Thicke’s music video, although remarkably popular for a number of diverse reasons (generating over 100 million YouTube views), has been slammed by various feminist critics, alleging it to be “rapey” and obnoxious, whilst criticizing the presence of bare-breasted females. A feminist blogger, Lisa Huynh, gave an astonishingly frank verdict of the track:
“Has anyone heard Robin Thicke’s new rape song?” She then continues to discuss the roots of her malcontent, “Basically, the majority of the song (creepily named “Blurred Lines”) has the R&B singer murmuring ‘I know you want it’ over and over into a girl’s ear. Call me a cynic, but that phrase does not exactly encompass the notion of consent in sexual activity.”
Amusingly, she ends her tirade with the following: “… this song is disgusting; though, admittedly very catchy.”
Tricia Romano of The Daily Beast also waded in on the matter, on Monday, with a creatively entitled piece “Robin Thicke’s Summer Anthem, Is Kind of Rapey.” She submitted to her readers the idea that the subject material could make “… some female music fans uncomfortable.”
Thicke responded to these social issues, in last month’s GQ Magazine:
“People say, ‘Hey, do you think this is degrading to women?’ I’m like, ‘of course it is. What a pleasure it is to degrade a woman. I’ve never gotten to do that before. I’ve always respected women.’ So we just wanted to turn it over on its head and make people go, ‘Women and their bodies are beautiful. Men are always gonna want to follow them around.'”
On a recent BBC Radio 1 broadcast, Mr. Thicke passed off the accusations as “ridiculous”. With regards to the lyrics, he explained that he was attempting to show the blurred lines between the male and female sexes, whilst distinguishing the difference between “… a good girl and a bad girl”. When talking about the video, he informed the BBC listeners that the issue would only be controversial to “extra-religious people.”

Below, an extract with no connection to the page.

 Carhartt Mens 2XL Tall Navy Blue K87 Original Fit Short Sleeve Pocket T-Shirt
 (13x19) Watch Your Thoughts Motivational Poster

For the sake of balance, when considering the sheer number of religious followers, this could constitute quite a significant number of people. It must, however, be pointed out that the song’s explicit lyrics are not broadcast on standard radio, whilst the droves of naked women featured in the music video are, at least partially, covered in the non-explicit edition.

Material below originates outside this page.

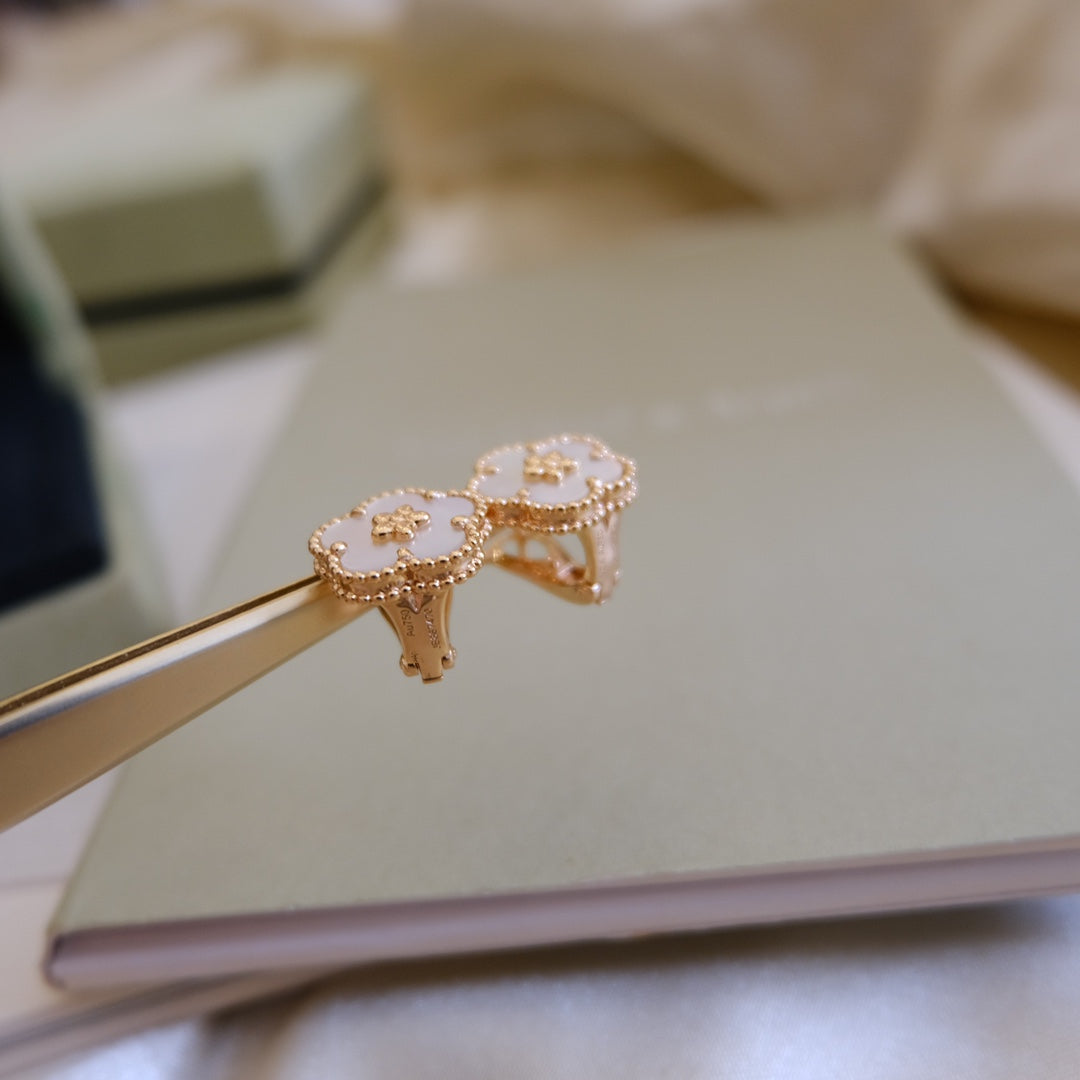 [Eterna Jewels]LUCKY PINK GOLD WHITE MOP EARRINGS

Why not judge for yourself…? (P.S. although the following clip is the clean version, you might want to take little Timmy out of the room, just in case).
OK, so I lied… that was Jimmy Fallon’s child friendly collaboration.
Some may find Thicke’s material, style or attitude offends their moral sensibilities and that’s OK. But one thing that cannot be denied is the man’s tremendous success and, from what we’ve witnessed so far, it does indeed seem the man is destined to remain in the glorious Thicke of it.